▶ ABOUT THIS EXERCISE
Nothing beyond the line containing "Kawaii pikachu and" is to be printed; print exactly each line from the start of the records below through that line, leaving out pictures.

Image-caption web data:
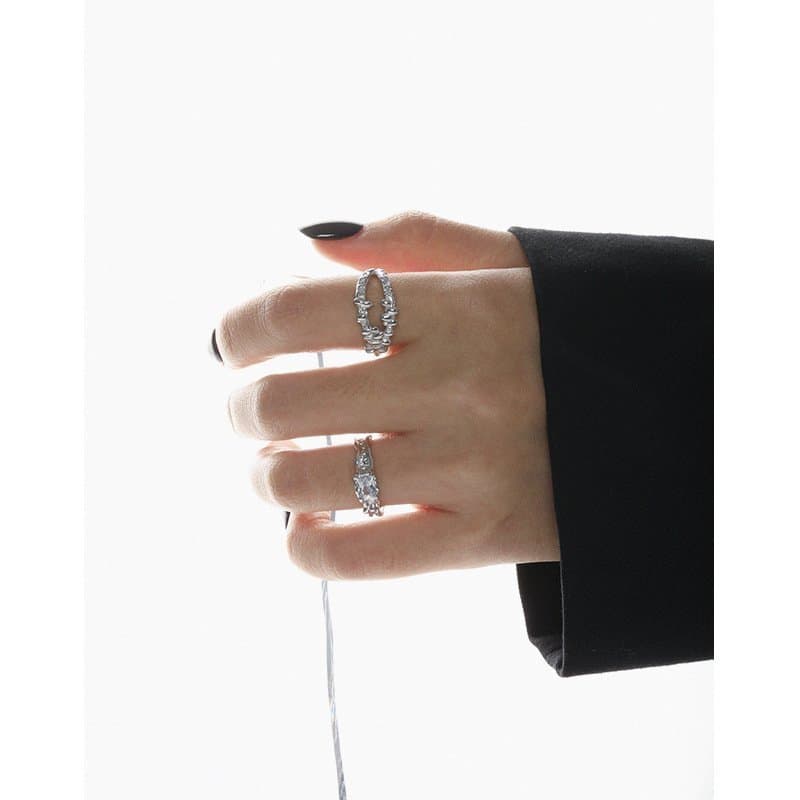 Bubbles Open Mouth 925 Sterling Silver Adjustable Ring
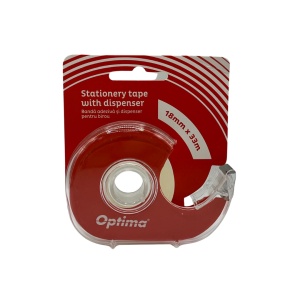 Dispenser cu bandă adezivă Optima - transparent, 18mm x 33m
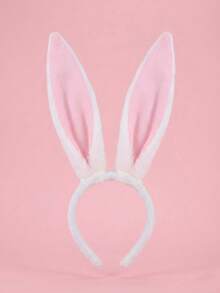 1pc Plush Rabbit Ear Headband, Cute Rabbit Ear Hair Hoop, Anime Cosplay Costume Accessory, Suitable For Easter Party, Photo Shoot Props, White And Pink - Multicolor - View 4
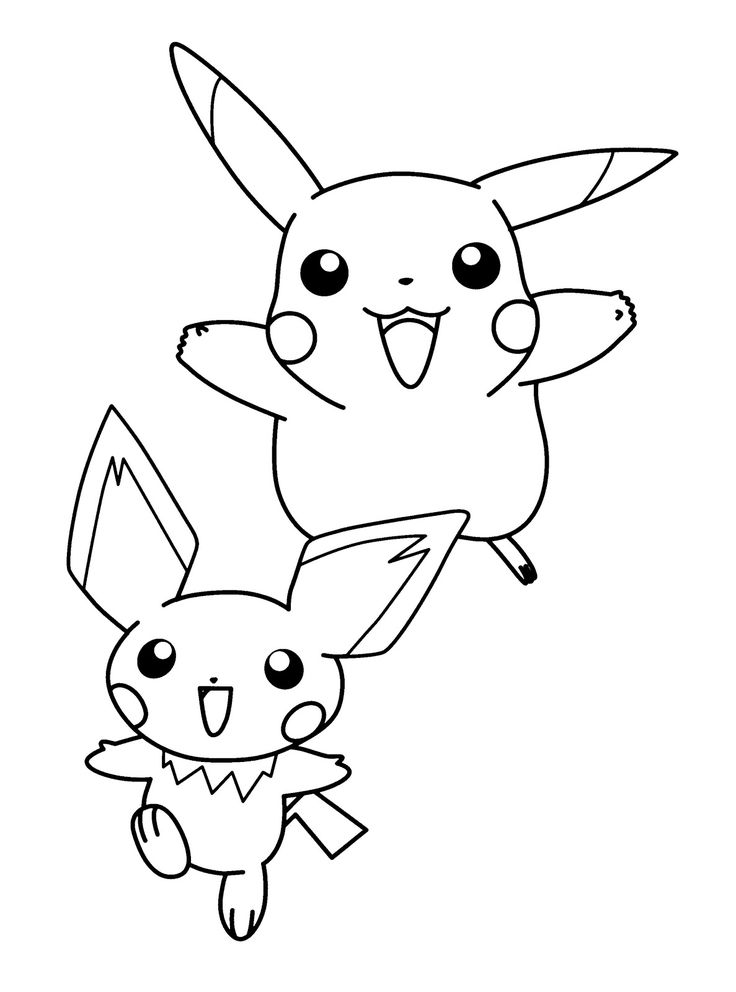 Kawaii pikachu and pichu coloring sheets pokemon coloring pages pikachu coloring page pokemon coloring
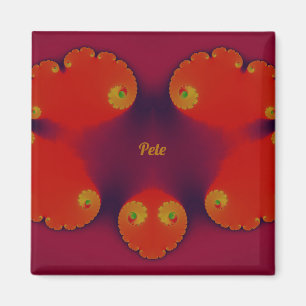 Imán PETE ~ Patrón rojo carlata azul y amarillo ~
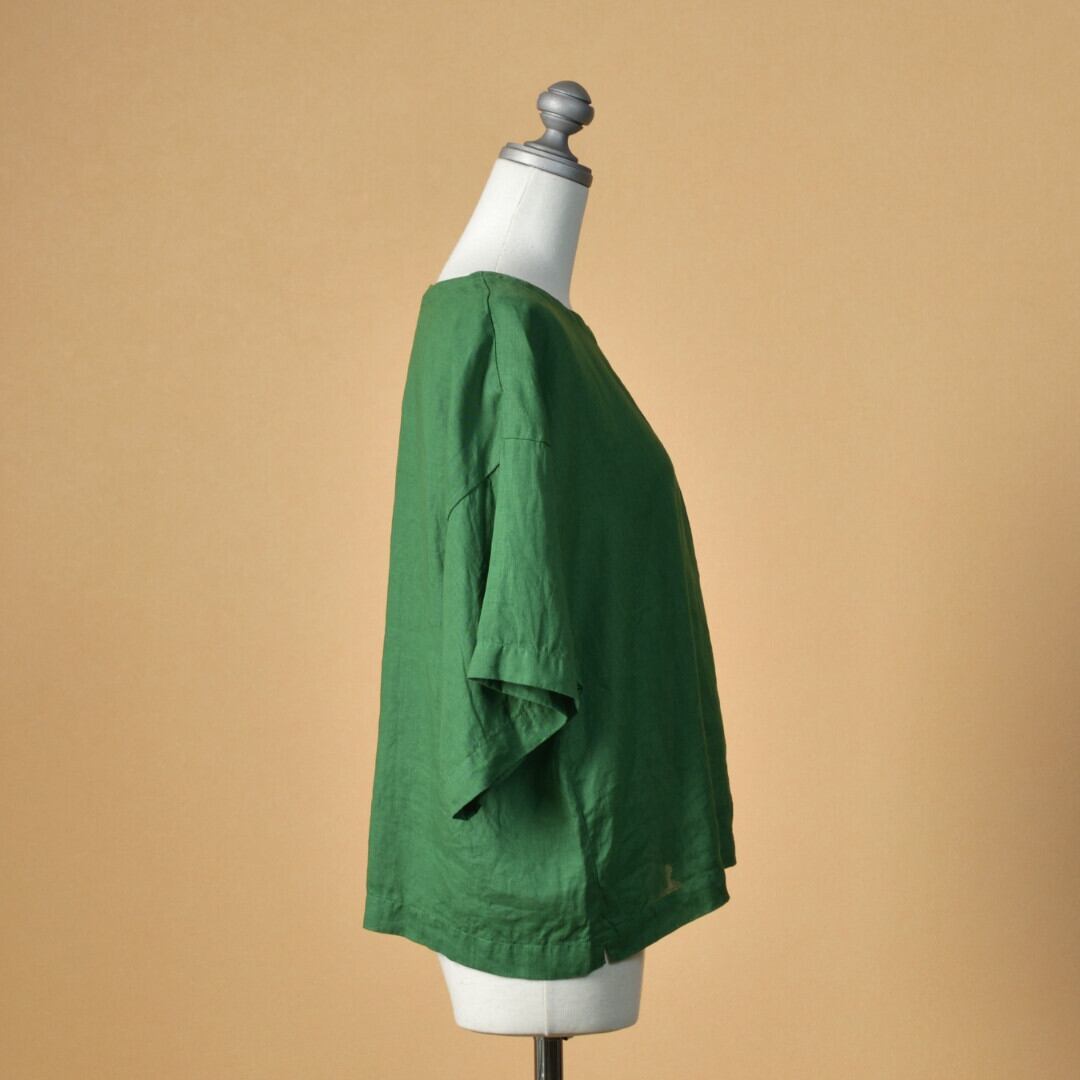 prit プリット フレンチリネン 5分ビッグスリーブプルオーバー・グリーン 真夏にピッタリのプルオーバーです。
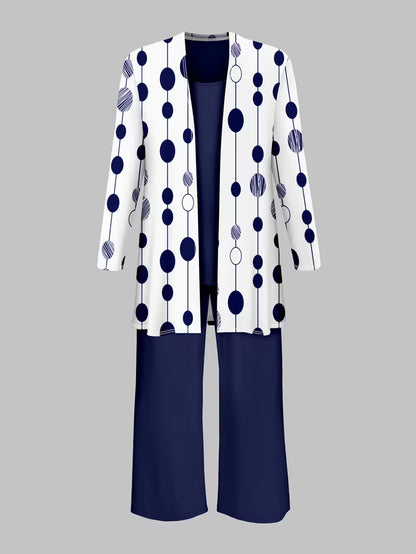 Women’s 3pcs Polka Blazer, Vest & Pants Suit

▶ RESPONSE FOR THIS EXERCISE
 Bubbles Open Mouth 925 Sterling Silver Adjustable Ring
 Dispenser cu bandă adezivă Optima - transparent, 18mm x 33m
 1pc Plush Rabbit Ear Headband, Cute Rabbit Ear Hair Hoop, Anime Cosplay Costume Accessory, Suitable For Easter Party, Photo Shoot Props, White And Pink - Multicolor - View 4
 Kawaii pikachu and pichu coloring sheets pokemon coloring pages pikachu coloring page pokemon coloring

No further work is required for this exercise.